Waktu menunjukan pukul 12.55 dan Aku sudah di dalam Ruang Kartini menunggu pemateri, Trainer tadi. Seperti prediksi, Cewe itu telat lagi. Kami sudah memulai materi dari: tanda tangan elekronik yang sampai sekarang kasusnya sangat langka; komplain penagihan yang dialami nasabah, entah itu karena penagih terlalu galak, belum waktu ditagih tapi rumah sudah didatangi tim desk collection, pesan penagihan berulang atau pesan penagihan sebelum waktunya yang dapat diindikasikan sebagai robot pengingat pesan, hingga komplain kalau ada tim penagih yang merusak properti (dan saat duty pada bulan ke dua dalam kontrak Aku mendapat kasus: ada nasabah yang kaca jendela rumahnya dipecah oleh tim penagih, kadang para penagih itu cuma mengandalkan tenaga seperti gorila tanpa peduli bagaimana ujung tindakan mereka), dan permintaan surat pelunasan.
Si Cewe tadi ingin dijelaskan kembali dan akhirnya, Trainer pun mengulang materinya.

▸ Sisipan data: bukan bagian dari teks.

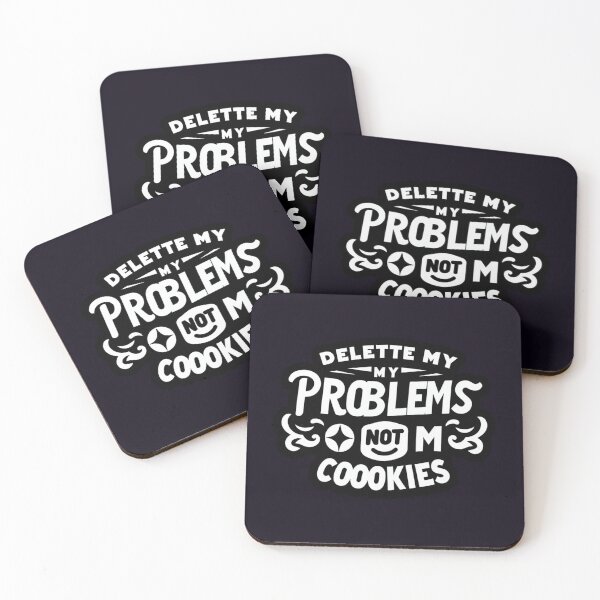 Item preview, Delete My Problems, Not My Cookies designed and sold by  ViralVisionsCreating .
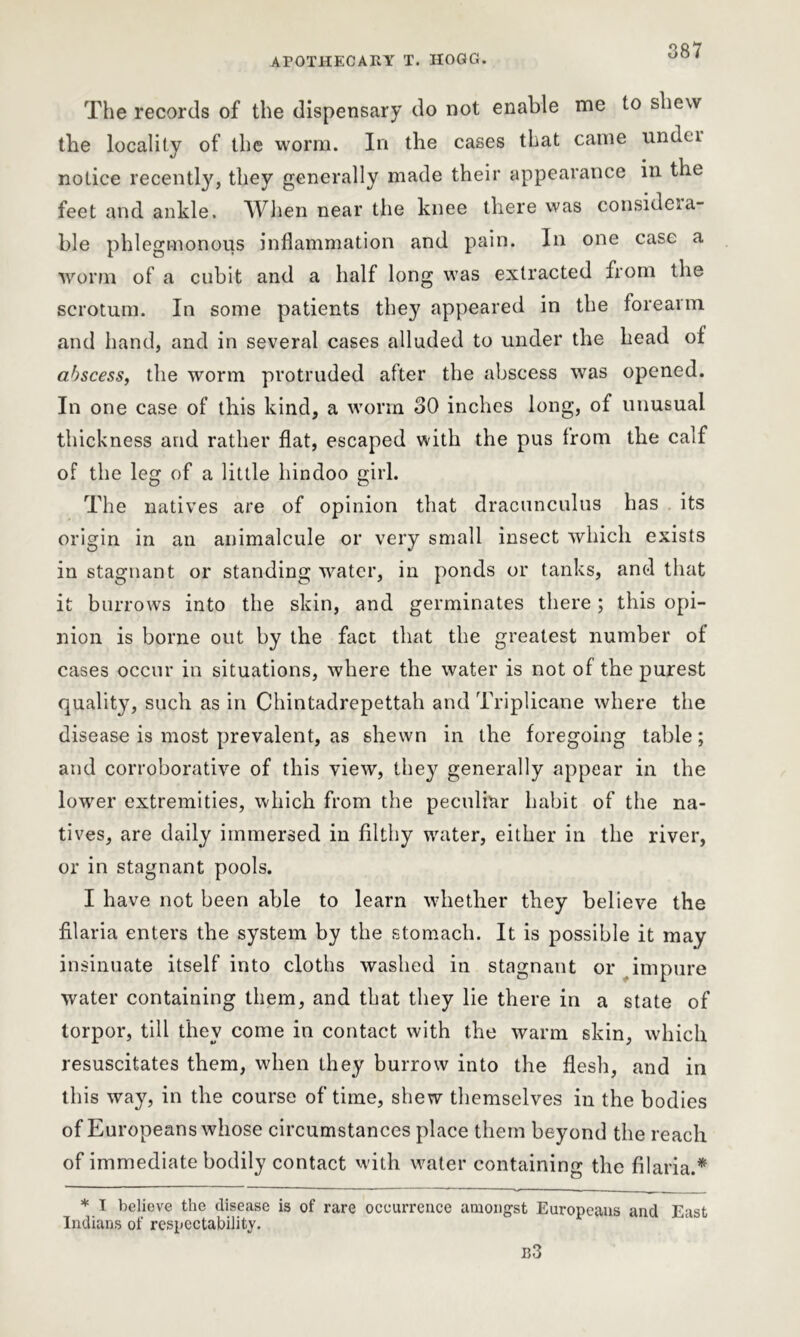The records of the dispensary do not enable me to shew the locality of the worm. In the cases that came undei notice recently, they generally made their appearance in the feet and ankle. When near the knee there was considera- ble phlegmonous inflammation and pain. In one case a worm of a cubit and a half long was extracted from the scrotum. In some patients they appeared in the foreaim and hand, and in several cases alluded to under the head of abscess, the worm protruded after the abscess was opened. In one case of this kind, a worm 30 inches long, of unusual thickness and rather flat, escaped with the pus from the calf of the leg of a little hindoo girl. The natives are of opinion that dracunculus has its origin in an animalcule or very small insect which exists in stagnant or standing water, in ponds or tanks, and that it burrows into the skin, and germinates there; this opi- nion is borne out by the fact that the greatest number of cases occur in situations, where the water is not of the purest quality, such as in Chintadrepettah and Triplicane where the disease is most prevalent, as shewn in the foregoing table; and corroborative of this view, the}7 generally appear in the lower extremities, which from the peculiar habit of the na- tives, are daily immersed in filthy water, either in the river, or in stagnant pools. I have not been able to learn whether they believe the filaria enters the system by the stomach. It is possible it may insinuate itself into cloths washed in stagnant or impure water containing them, and that they lie there in a state of torpor, till they come in contact with the warm skin, which resuscitates them, when they burrow into the flesh, and in this way, in the course of time, shew themselves in the bodies of Europeans whose circumstances place them beyond the reach of immediate bodily contact with water containing the filaria.* * I believe the disease is of rare occurrence amongst Europeans and East Indians of respectability. b3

Itu adalah hukuman buatku yang tepat waktu karena harus mendengar materi dua kali dan hadiah buat Cewe tadi karena terlambat pun tetap mendapat materi. Hal-hal seperti itu yang menyebabkan orang tak pernah menghargai waktu, karena kalau ada yang kelewatan pasti bisa diulang kembali dari awal bukan meninggalkan mereka dengan kekosongan akibat tidak menepati waktu hingga tepat waktu hanyalah rugi belaka.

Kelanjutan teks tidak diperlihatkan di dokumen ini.